# WE HAVE A CRISIS BREWING!



## dubob (Sep 8, 2007)

And that crisis would be the fair and balanced access to public waters in accordance with the 2008 Utah Supreme Court ruling in the Conatser vs. Johnson case. As you all know by now, a very heavily debated bill was introduced into the 2009 Legislative calendar to address the issue. There were rewrites, amendments, and two votes on it and it was defeated both times. But it is not going to go away.

One of the main points of contention from my representative was the fact that the recreationists do not have an organized entity that can honestly represent all recreational interests on this issue. There are literally dozens of organizations out there that have a personal interest in this issue to include fishers, kayakers, hunters, bird watchers, hikers, etc. And rightly so; but there is not one umbrella organization that can bring all of these groups together as one voice. And this is not good. The two groups that were contacted for input on this issue are considered by many to be not very representative at all. So where do we go from here? Who is going to represent all of our interests in the future? Well, I have a recommendation - the Izaak Walton of America (IWLA).
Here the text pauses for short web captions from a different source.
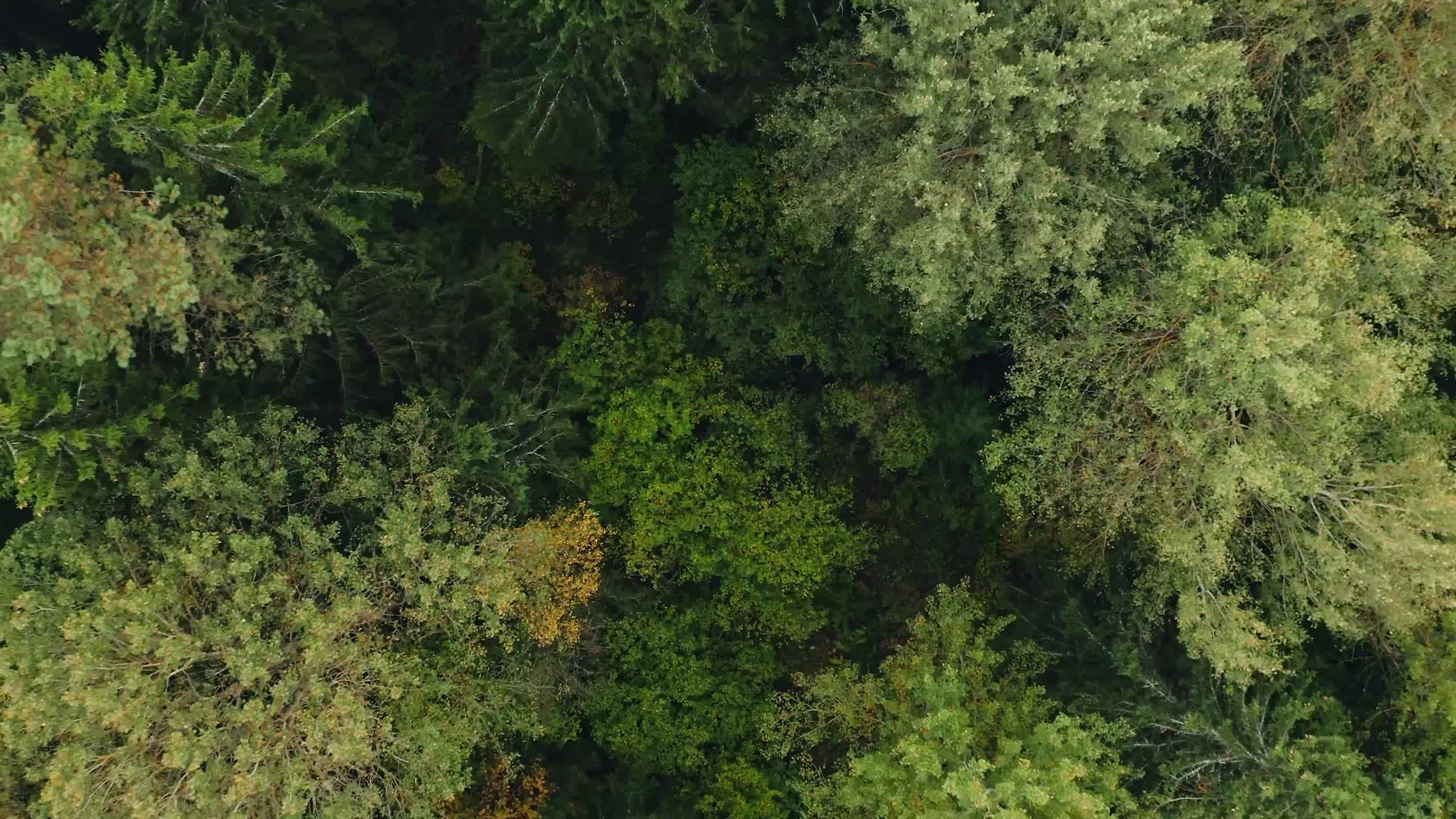 Forest Drone Live Wallpaper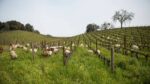 Tablas Creek Esprit de Tablas Blanc 2019 (6 Bottles) Adelaida Road, California - Image 4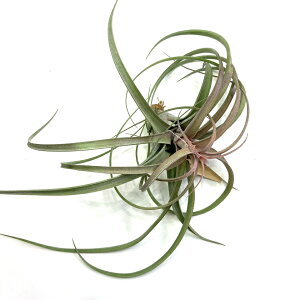 (i) `WA GNZ^ × XgvgtB (No.22327) (GA[vc eBWA ϗtA  Ǌ| CeA ~j ^ ^ ݂艺  hybrid z exserta × streptophylla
From their web site (http://www.iwla.org/) they are one of the earliest conservation organizations in the United States. The IWLA was formed in 1922 to save outdoor America for future generations. The League's founders, who were avid anglers, chose to name the organization after Izaak Walton, the 17th century author of The Compleat (sic) Angler, one of the most famous books on fishing. They are one of the earliest conservation organizations to set an aggressive course to defend wild America by changing public policy. Almost every major, successful conservation program that America has in place today can be traced directly to a League activity or initiative. The environment is everyone's issue. America deserves a better, stronger commitment to finding smart solutions that are good for the environment and economy at the same time. They are proud that their unique blend of community conservation and advocacy for common-sense conservation policy has positioned them as a voice of reason in the various debates over access, habitat and species protection, clean air and water, wetlands, renewable energy, public lands, and many other issues.

Throughout more than three hundred communities, IWLA chapters advance the mission of the Izaak Walton League - restoring watersheds, reducing air pollution, fighting litter, protecting wildlife habitat and open spaces, and instilling conservation ethics in outdoor recreationists. Their commitment to communities has allowed them to endure for more than eight decades. Their optimism, their spirit, and their vision for a better outdoor America guides their work.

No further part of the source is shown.